Simhajit nodded, smiling. “And maybe, in the AI of tomorrow, we’ll need something like a divine override. Not to impose religion. But to allow room for the unprogrammed good.”

Flashback — Two Months Earlier | Kolkata, India

Rain lashed against the glass of the Indian Institute of Quantum Conscience Studies. Inside, a dimly lit lab hummed with soft lights and meditative chants in the background.

Simhajit sat cross-legged before a glowing schematic:
Project UGRAMADHAVA: Simulated Bhakti-Informed Decision Systems

His assistant, Subhamoy, stood perplexed.

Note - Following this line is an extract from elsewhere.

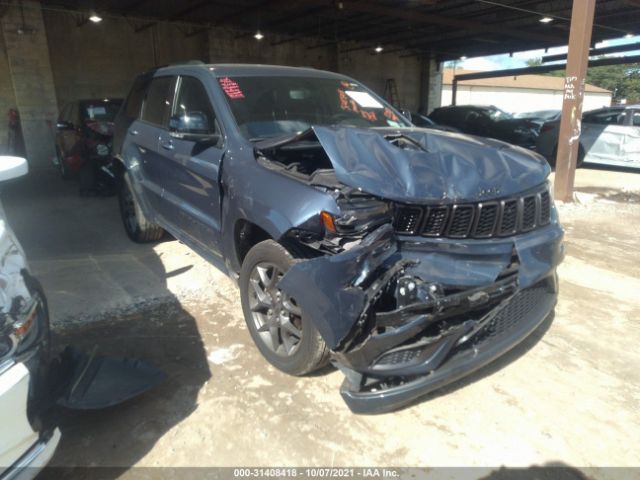 JEEP GRAND CHEROKEE 2020 1c4rjfbg3lc441111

“Sir… this algorithm… it’s intentionally biased?”

“Not biased,” Simhajit corrected gently. “Contextual. It doesn’t serve ‘all users equally’. It serves the one who needs grace the most.”

He gestured toward a screen displaying an ancient sculpture—half-lion, fierce eyes, gentle posture.

“Ugramadhava. The wrathful Madhava. A tantric form of Nrisingha from Bengal’s Sen dynasty. Not just destroyer. Also protector. Also lover.”

Subhamoy hesitated. “Sir, no offense, but this sounds more like Bhakti poetry than computing.”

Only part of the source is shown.